MATERIALS PROVIDED:
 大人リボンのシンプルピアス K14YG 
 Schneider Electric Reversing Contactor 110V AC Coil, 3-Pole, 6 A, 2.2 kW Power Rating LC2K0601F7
==
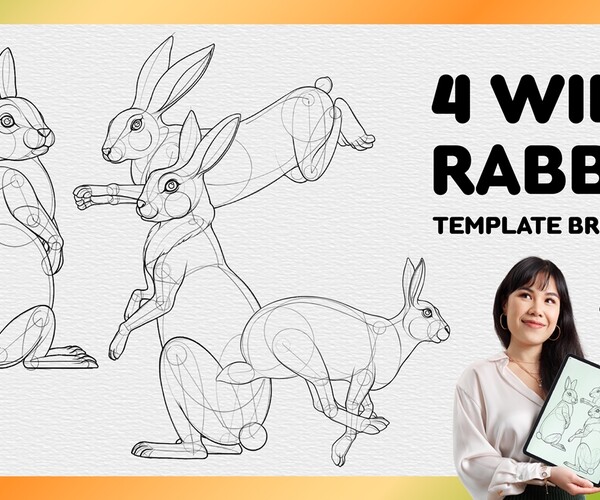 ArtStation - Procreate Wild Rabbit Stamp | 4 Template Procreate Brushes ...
...
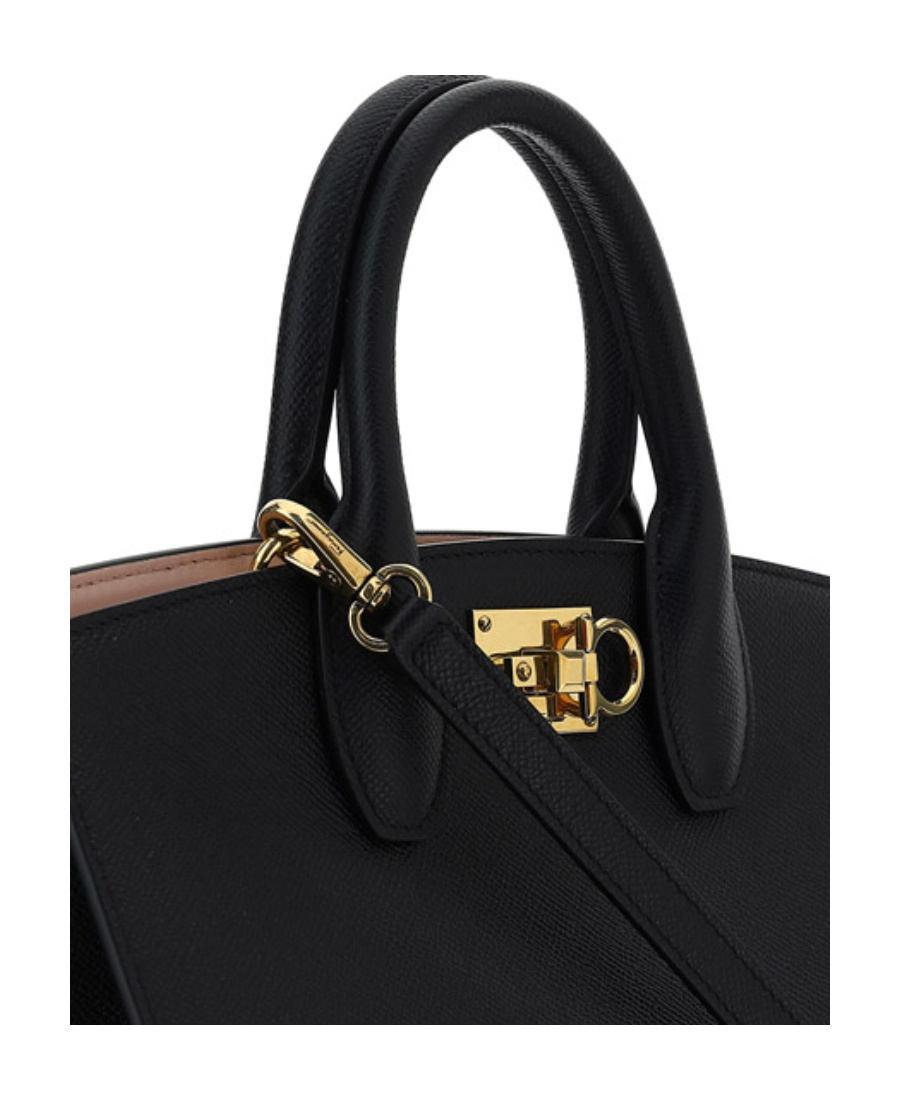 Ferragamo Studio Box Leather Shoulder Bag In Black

WORK REQUEST:
Above are the records; repeat exactly the lines from the one holding "大人リボンのシンプルピアス K14YG" down to the one holding "Schneider Electric Reversing", end lines included.

EXPECTED OUTPUT:
 大人リボンのシンプルピアス K14YG 
 Schneider Electric Reversing Contactor 110V AC Coil, 3-Pole, 6 A, 2.2 kW Power Rating LC2K0601F7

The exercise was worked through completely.